I’m going to be the most petty poltergeist ever. I’ll do things like unplug your phone charging overnight
If your wife asks “would you like the fan turned on?” the only correct answer is get up and turn the fan on.
IKEA is Swedish for “divorce labyrinth.”
Practice self-care like bats, avoid daylight & hug yourself adoringly while you sleep.
For a cheap high after age 30, just squat down for a few minutes, then stand up really quickly.
The first step to forgiveness is realizing that the other person is stupid.
Arguing with strangers on the internet is like yelling at a parking meter. I mean, I still do it sometimes, but nobody wins.
[15:00]
I’m not really feeling this edible.[15:30]
*trying to order chinese food from starbucks*
I just watered a few plants so I’m ready to open a landscaping business.
My kid needs me to help him with a report on any famous black scientist.

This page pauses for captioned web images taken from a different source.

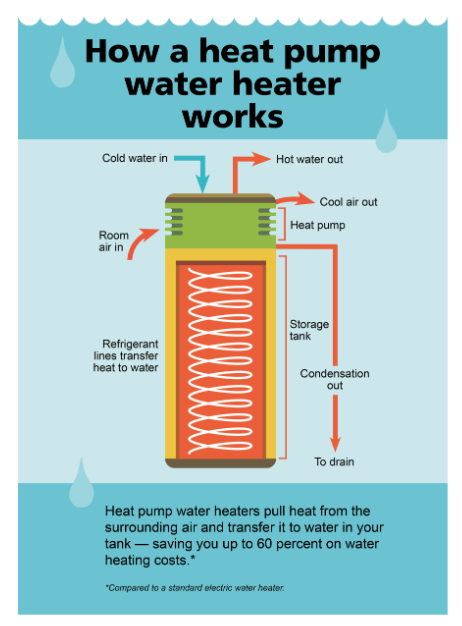 How does an electric storage hot water system work?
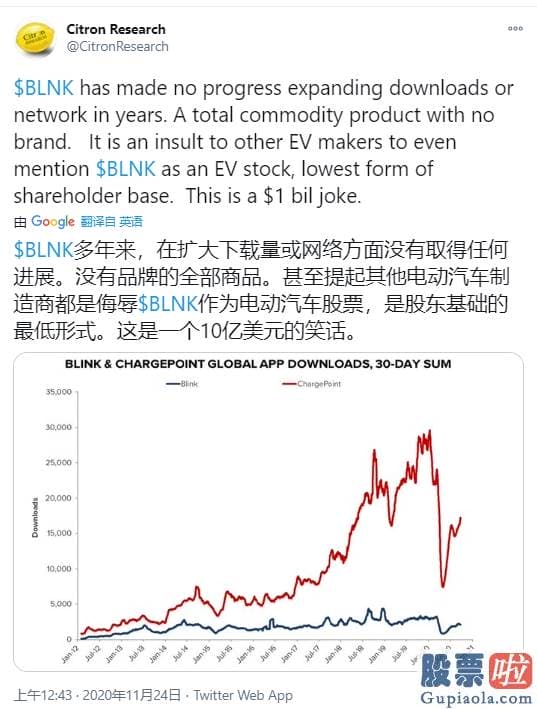 美股行情美股投资 最牛新能源股半年暴涨2466%！空头出手了：是个笑话！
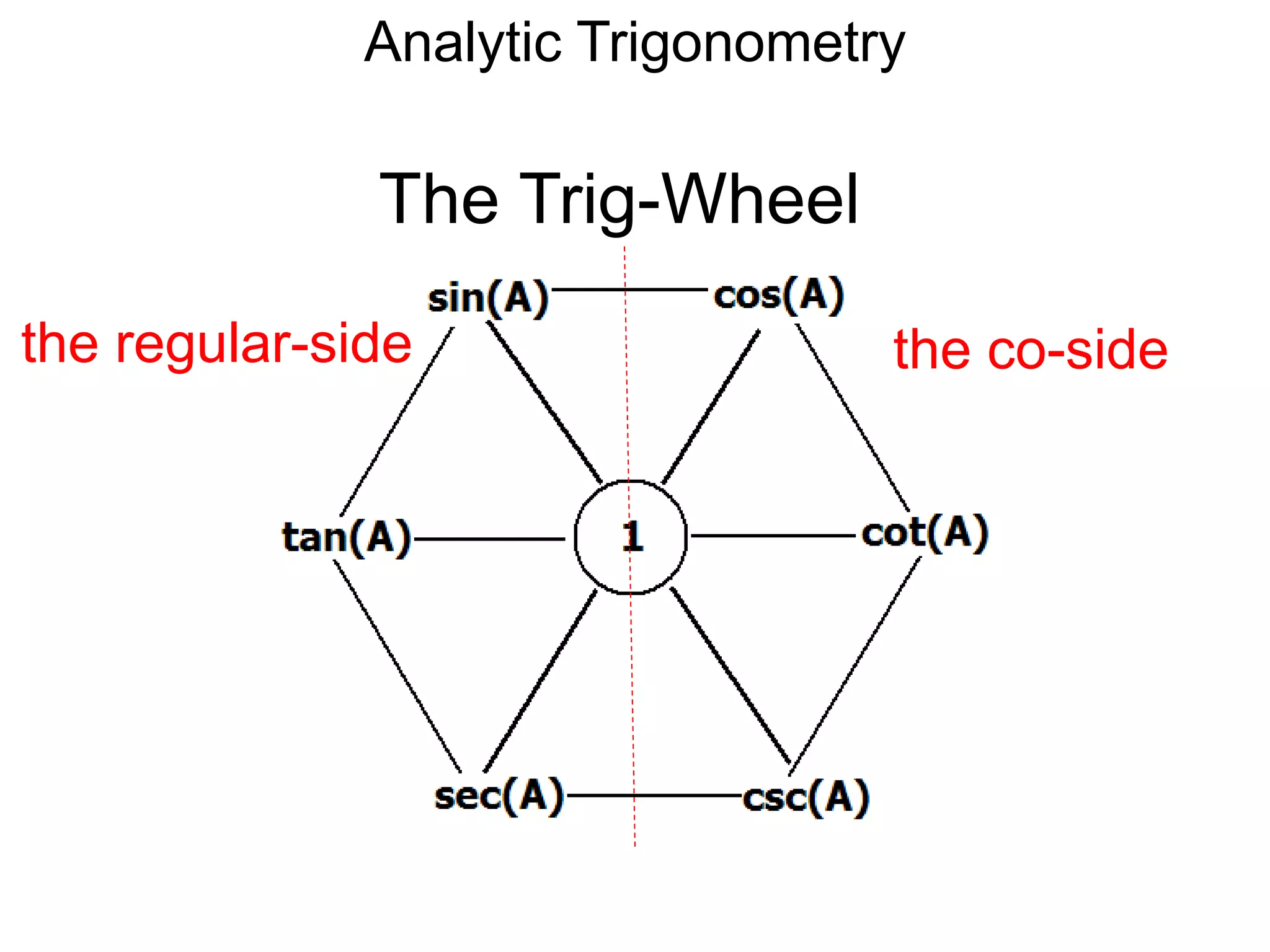 Analytic Trigonometry 
The Trig-Wheel 
the regular-side the co-side 
 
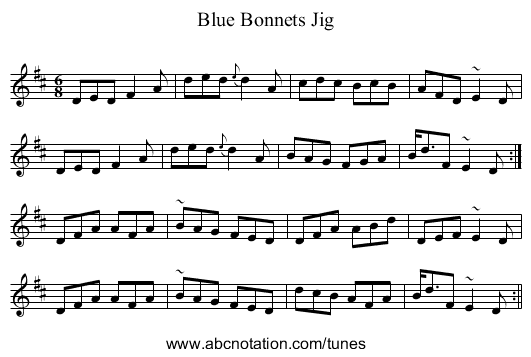 Blue Bonnets Jig - staff notation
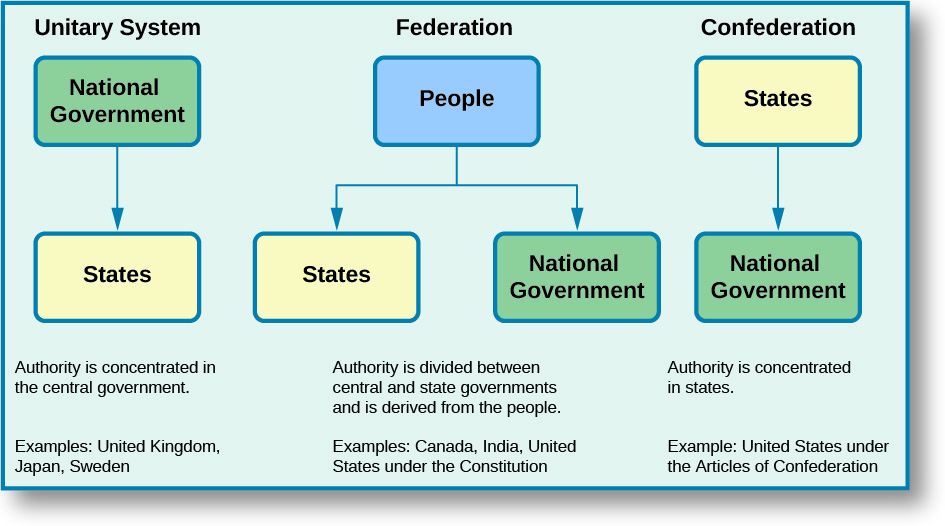 Questions government. Unitary Federation and Confederation. Federal government and State government. Unitary Federal Confederal. The government или a government.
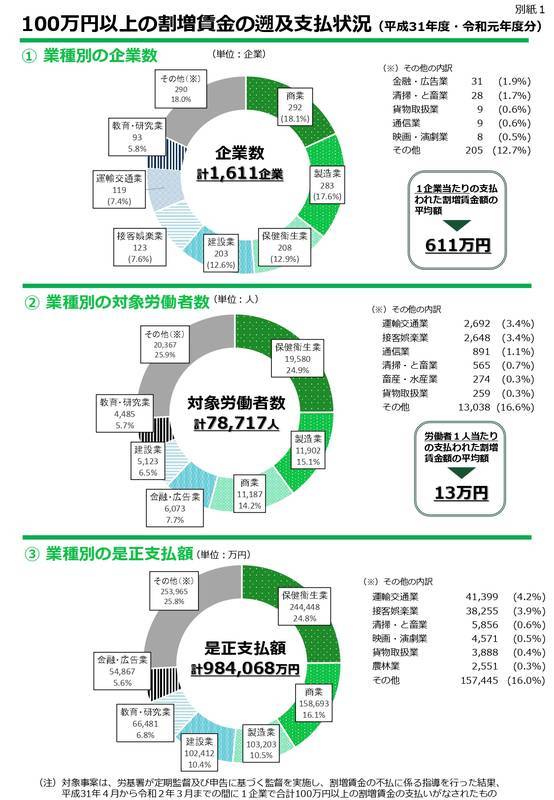 運行記録とは 社会の人気 最新記事を集めました はてな 運行記録とは 社会の人気 最新記事を集めました はてな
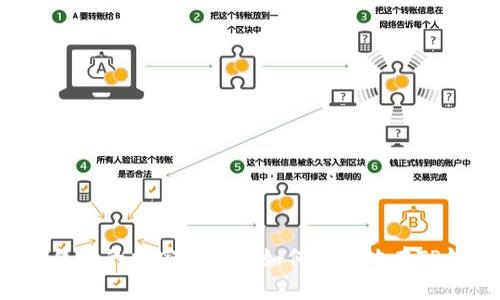 如何有效地在TP钱包中出售您的加密货币? 如何有效地在TP钱包中出售您的加密货币?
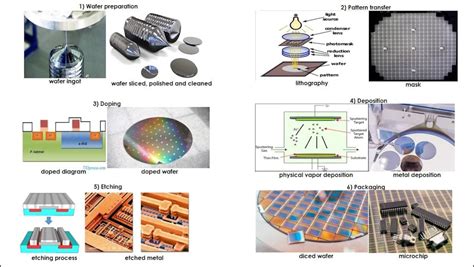 wafer meaning semiconductor|Semiconductor Wafer – Overview and Facts .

Can we do Dr. Dre?
More light at the end of the tunnel,
Less on-coming train.
*sees any 3 stars in a row*
(confidently)
“that’s orion’s belt”
The best part of running at 5am is the irrational, adult fear of zombies to keep you going.
Don’t bore a girl by saying she’s beautiful, like every other shallow creep
Grab her interest by saving her from a staged hostage situation
Zen master: Do you possess the Buddha nature?
Me: Well, I’ve spent 49 days under a tree. But that was just laziness.
[2011, pakistan, seal team 6 enters the compound]
“chief, something has brought the boys to the yard”
bin laden [making a milkshake]: SHIT
I was walking around the house naked and one of our smoke detectors went off so now it’s my favorite smoke detector.
You know shit’s about to get real when I put on yoga pants before dessert.
Nothing but love for the older woman who saw her husband staring at two people screaming at each other in the grocery store parking lot, said “mind your business, Morty,” before looking at me, thirty feet away, and saying, “you too.”
I’m at that age where I keep swatting in the air around my head trying to kill the buzzing mosquito, but realizing it’s just my deviated septum..
Don’t hate me cause I’m beautiful, hate me cause I stole your lunch out of the office fridge
I do this really cute thing, where if I walk by a car that has a stick figure family on their back window, I peel a kid off.
Any kid can get their parent’s car keys, watch out the window for someone to walk close to the car then hit the alarm. None of them do it. Kids are slack. We would have killed for this tech in the 70s.
DAD GUIDE ON HOW TO WATCH A MOVIE:
1) put on a movie
2) don’t watch it
3) read a book
4) every time something happens ask what happened
My Fitbit’s “SmartTrack” auto-recognized my riding lawn mower as a bicycle and congratulated me for burning 156 calories ipso facto I earned this ice cream
Sorry, I can’t, I’m *busy today
*going to the mall to keep walking by the teriyaki place in the food court in different disguises to maximize the free samples
Best way to ensure social distancing is to carry a clipboard everywhere. You’re welcome.
Garlic and bread is the only marriage I truly have faith in.
Doc gave me new meds & I forgot what he said to do with the old meds so been taking em all and boy o boy what a day.